The records:
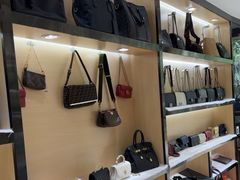 -千安奢侈品回收名表维修名包珠宝护理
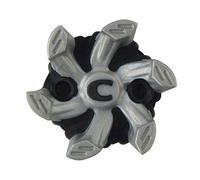 Champ Helix Pin System Golf Spikes (Pack de 20)
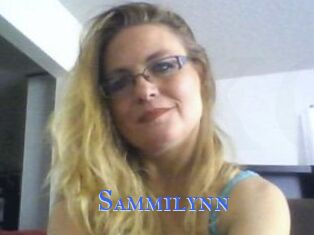 Sammilynn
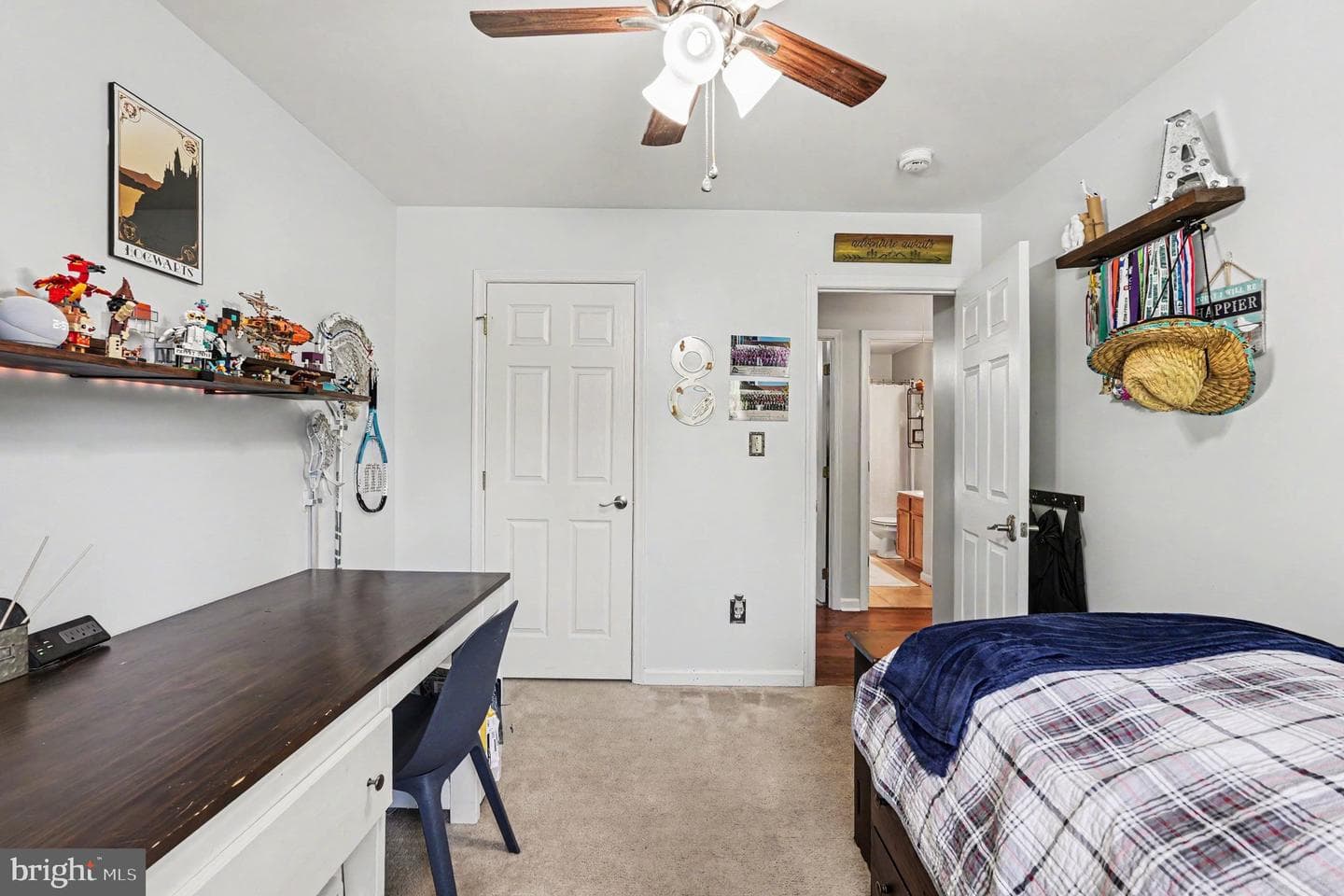 5718 Lucas Street photo 13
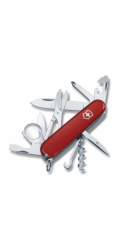 Victorinox EXPLORER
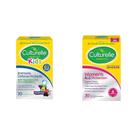 Culturelle Defensa Inmune Probiótico para Mujeres
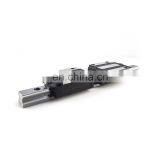 Linear Motion Guide, HXHV OEM Linear Guide, Linear Guide Rail thumbnail-3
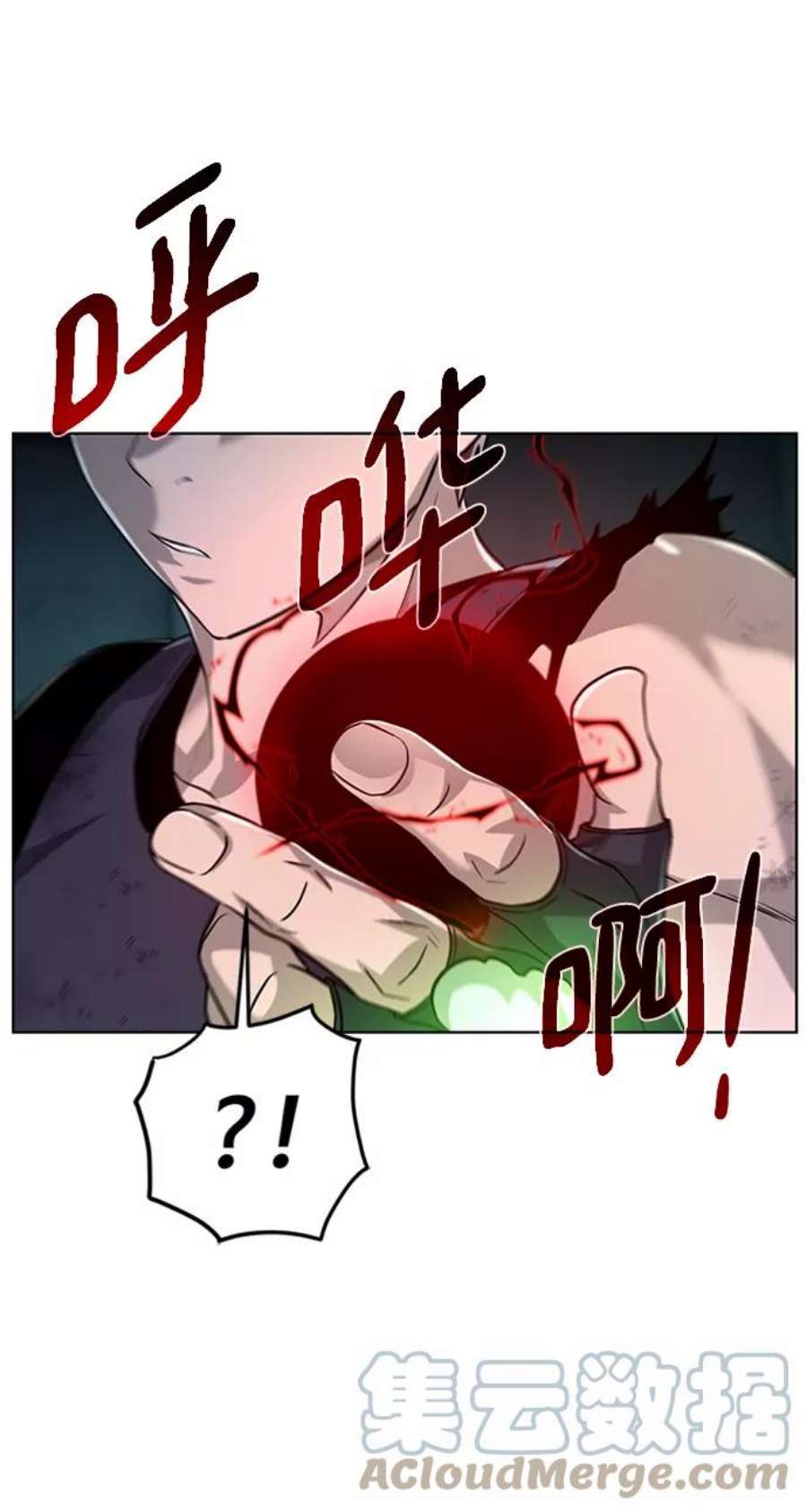 67.jpg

Requirement: The copy must match every line of the data exactly and contain no pictures.

Task output:
 -千安奢侈品回收名表维修名包珠宝护理
 Champ Helix Pin System Golf Spikes (Pack de 20)
 Sammilynn
 5718 Lucas Street photo 13
 Victorinox EXPLORER
 Culturelle Defensa Inmune Probiótico para Mujeres
 Linear Motion Guide, HXHV OEM Linear Guide, Linear Guide Rail thumbnail-3
 67.jpg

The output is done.